On the basis of analyzing binarized en-face OCT images, Terada et al. reported that the outer choroidal vascular areas (i.e., CVD of Haller’s layer) were larger in both amblyopic (61.49 ± 4.95%) and fellow eyes (61.48 ± 3.73%) than in healthy eyes (55.69 ± 1.83%) [11]. They also indicated that the cutoff for distinguishing between amblyopic patients and controls was 59%. In our current study, the CVD in amblyopic and fellow eyes exceeded 59% (59.11 ± 0.66% and 59.23 ± 0.81%, respectively), consistent with a report by Terada et al. However, the CVD in normal control eyes (59.29 ± 0.74%) also exceeded 59%, resulting in comparable CVDs among different eye conditions. In normal eyes, CVD has been reported to correlate positively with SFCT [9]. However, SFCT was slightly thicker in Terada’s control group (351.9 ± 60.7 μm) than in our control group (323.8 ± 69.1 μm). The higher CVD in the normal control eye is thus not attributable to differences in SFCT. Substantial individual differences might be present in CVD. We should therefore be cautious of using CVD analysis of en-face OCT images to evaluate amblyopia.

The present study showed that SFCT was significantly thicker in the amblyopic eye than in fellow and normal control eyes, while CVD was comparable among all eyes. The results indicate that choroidal blood flow with respect to total choroidal volume may be increased in amblyopic eyes than in fellow and normal control eyes. A possible future direction of this work would be to investigate the ratio of choroidal vessels to total volume of the choroid in amblyopic eyes.

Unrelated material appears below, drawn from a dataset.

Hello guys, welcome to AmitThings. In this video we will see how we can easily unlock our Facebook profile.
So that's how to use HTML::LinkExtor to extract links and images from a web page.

Several limitations should be considered when interpreting the findings of the present study. First, the sample size was small. A further study of a larger number of patients with detailed classifications of the degree and type of amblyopia will need to be undertaken to validate our findings. Second, CVD could only be assessed in a 3 × 3-mm localized area centered on the fovea. This was due to the large difference in thickness between the center and periphery of the choroid, making it difficult to capture the same depth of vascular structure in the center and periphery if the analyzed area of the en-face image flattened with Bruch’s membrane is expanded. In the future, new tools, such as high-penetration doppler optical coherence angiography [22] and hybrid three-dimensional models of the choroidal vasculature [23], are expected to provide a more detailed assessment of choroidal vascular structures.

Conclusions

In conclusion, the CVD of Haller’s layer did not differ significantly between amblyopic eyes and fellow or normal control eyes. Evaluation of CVD using en-face OCT may have little clinical significance in elucidating the mechanisms underlying amblyopia.